[Opening DATA SHOWN section]
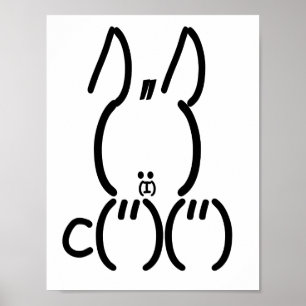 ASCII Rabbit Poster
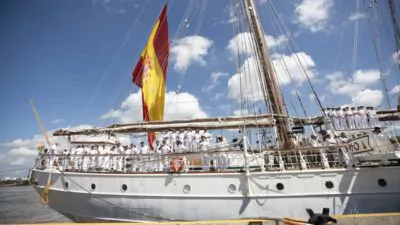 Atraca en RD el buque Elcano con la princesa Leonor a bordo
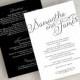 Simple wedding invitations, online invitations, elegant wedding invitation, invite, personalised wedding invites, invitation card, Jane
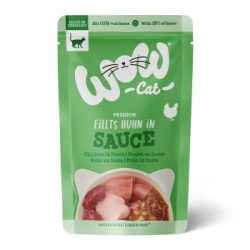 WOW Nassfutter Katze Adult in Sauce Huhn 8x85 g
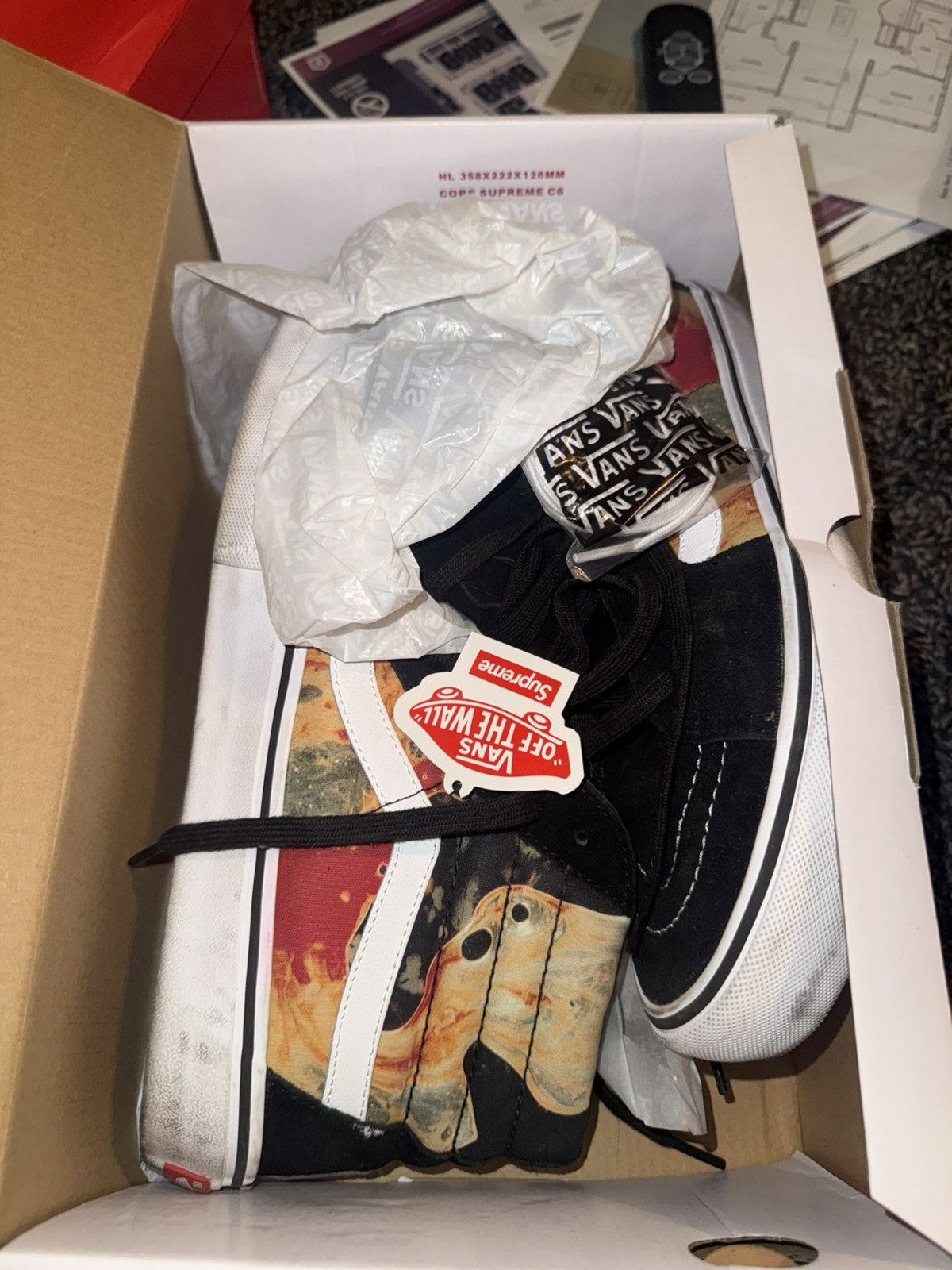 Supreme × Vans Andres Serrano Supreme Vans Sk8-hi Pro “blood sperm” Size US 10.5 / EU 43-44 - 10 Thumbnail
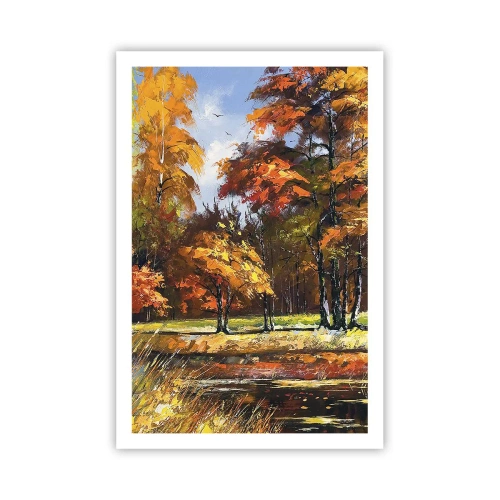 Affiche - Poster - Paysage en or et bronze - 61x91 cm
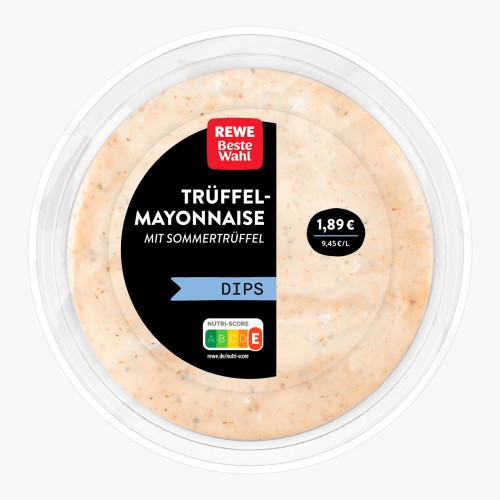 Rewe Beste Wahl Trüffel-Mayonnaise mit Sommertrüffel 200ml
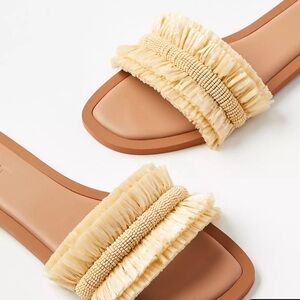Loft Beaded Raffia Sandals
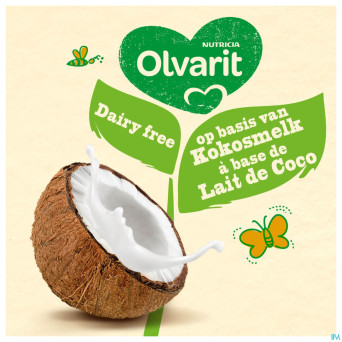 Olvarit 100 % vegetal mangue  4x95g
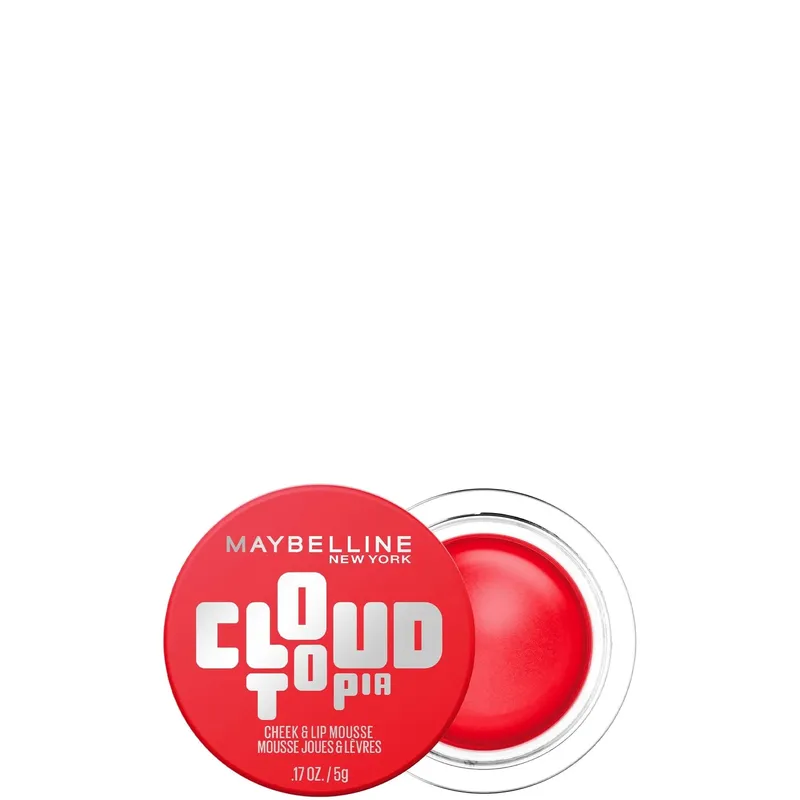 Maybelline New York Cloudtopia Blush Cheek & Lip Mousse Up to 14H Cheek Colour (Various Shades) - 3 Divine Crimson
[Closing DATA SHOWN section]
[Opening DATA SHOWN section]
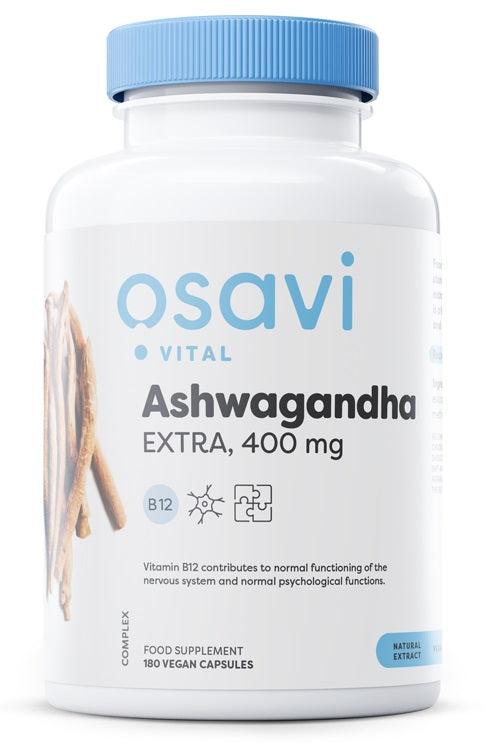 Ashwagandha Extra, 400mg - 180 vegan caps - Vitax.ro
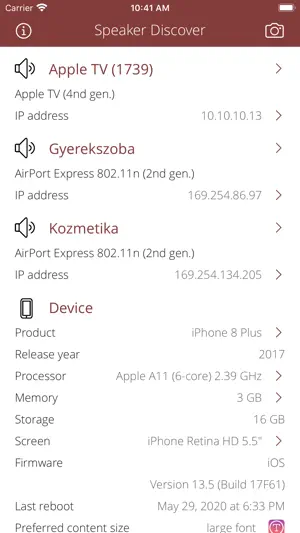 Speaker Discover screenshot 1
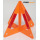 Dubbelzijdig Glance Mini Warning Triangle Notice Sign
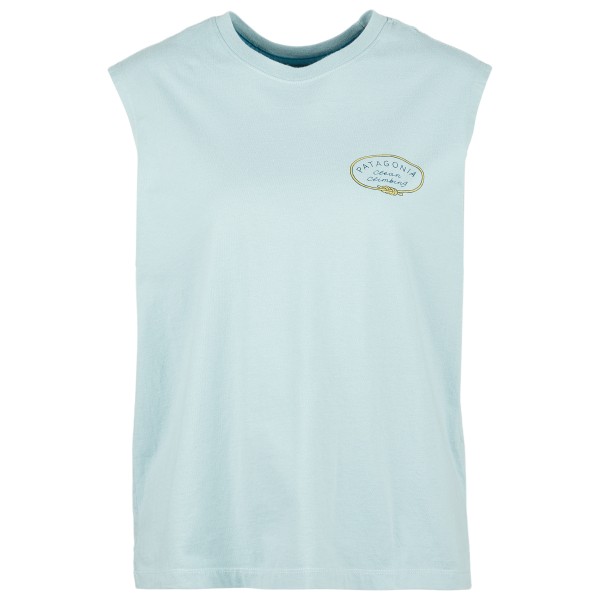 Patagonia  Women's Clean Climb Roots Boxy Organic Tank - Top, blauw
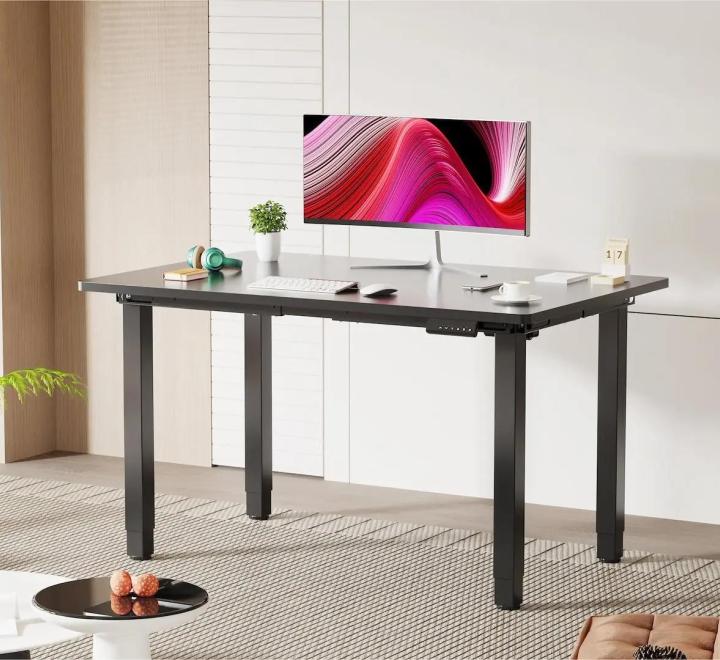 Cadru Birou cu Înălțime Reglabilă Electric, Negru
[Closing DATA SHOWN section]
[Opening DATA SHOWN section]
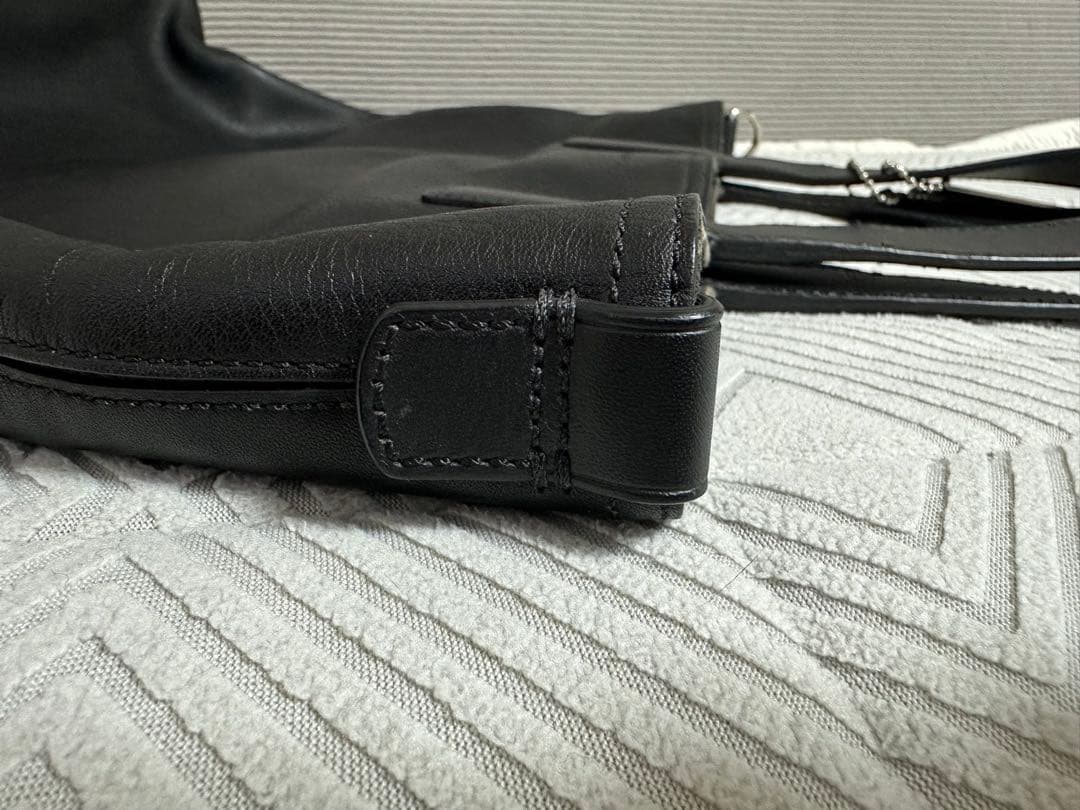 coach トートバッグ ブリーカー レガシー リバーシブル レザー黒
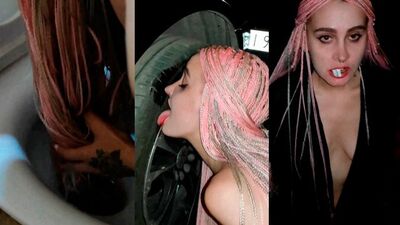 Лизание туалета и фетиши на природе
[Closing DATA SHOWN section]
> **ACTIVITY**
Above are some entries. Restate word for word the lines from the one holding "ASCII Rabbit Poster" through the one holding "Supreme × Vans", but not the pictures.

> **EXERCISE SOLUTION**
 ASCII Rabbit Poster
 Atraca en RD el buque Elcano con la princesa Leonor a bordo
 Simple wedding invitations, online invitations, elegant wedding invitation, invite, personalised wedding invites, invitation card, Jane
 WOW Nassfutter Katze Adult in Sauce Huhn 8x85 g
 Supreme × Vans Andres Serrano Supreme Vans Sk8-hi Pro “blood sperm” Size US 10.5 / EU 43-44 - 10 Thumbnail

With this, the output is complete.